Limitations & Future Work

  • Only five existing metrics are covered; other geometries on \(\mathrm{Cor}^+(n)\) with non-trivial curvature (such as quotient metrics or affine-invariant versions of correlation) have not been layered yet.
  • Experiments still focus on traditional SPD benchmarks with medium \(n\) (signals/skeletons) and have not addressed larger scale, image-level covariance/correlation tasks (e.g., visual second-order pooling).
  • Metrics must be manually specified. In the future, using hypernetworks or learned metrics to automatically select between ECM/LECM/OLM/LSM/PHCM could eliminate explicit parameter tuning.
  • PHCM relies on products of Poincaré balls, where the number of hemispheres grows linearly with \(n\). For extremely large \(n\), it may not be as scalable as ECM.
  • vs. SPDNet series (Huang & Van Gool 2017, Brooks et al. 2019, Chen et al. 2024): While they develop geometric layers for the covariance side, this paper shifts to the correlation side. The advantage is that the correlation manifold has lower dimensionality and more geometric options, yielding significant gains for tasks like EEG and motion where diagonal variance is high. The disadvantage is the need to rebuild the metric catalog.
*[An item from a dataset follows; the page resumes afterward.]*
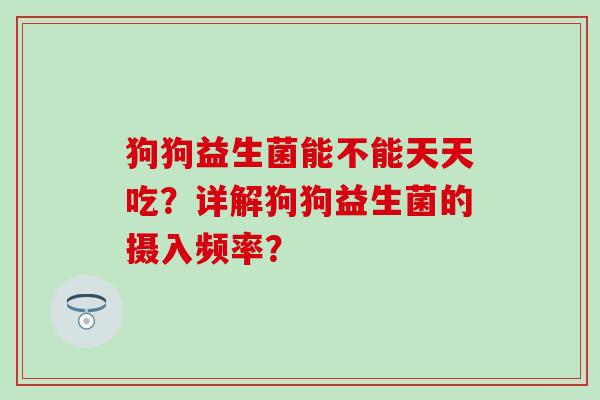 狗狗益生菌能不能天天吃？详解狗狗益生菌的摄入频率？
  • vs. Poincaré Networks (Ganea et al. 2018, Shimizu et al. 2021): They develop layers on a single Poincaré ball; the PHCM portion of this paper effectively reuses these layers directly on the correlation manifold in product space \(\mathrm{PPS}^{n-1}\) in a very clean geometric manner.
  • vs. Unified manifold MLR (Chen et al. 2024c): They use Riemannian trigonometry to approximate hyperplane distances, whereas this paper provides a direct closed-form solution to Eq. (4) under Log-Euclidean metrics, avoiding approximation errors and resulting in a more organized structure.
  • vs. Grassmann Networks (GrNet, GyroGr): Grassmann uses subspace representations, while this paper uses correlation structures. The latter retains more second-order statistical information, offering stronger discriminative power on long-sequence motions like HDM05/NTU120.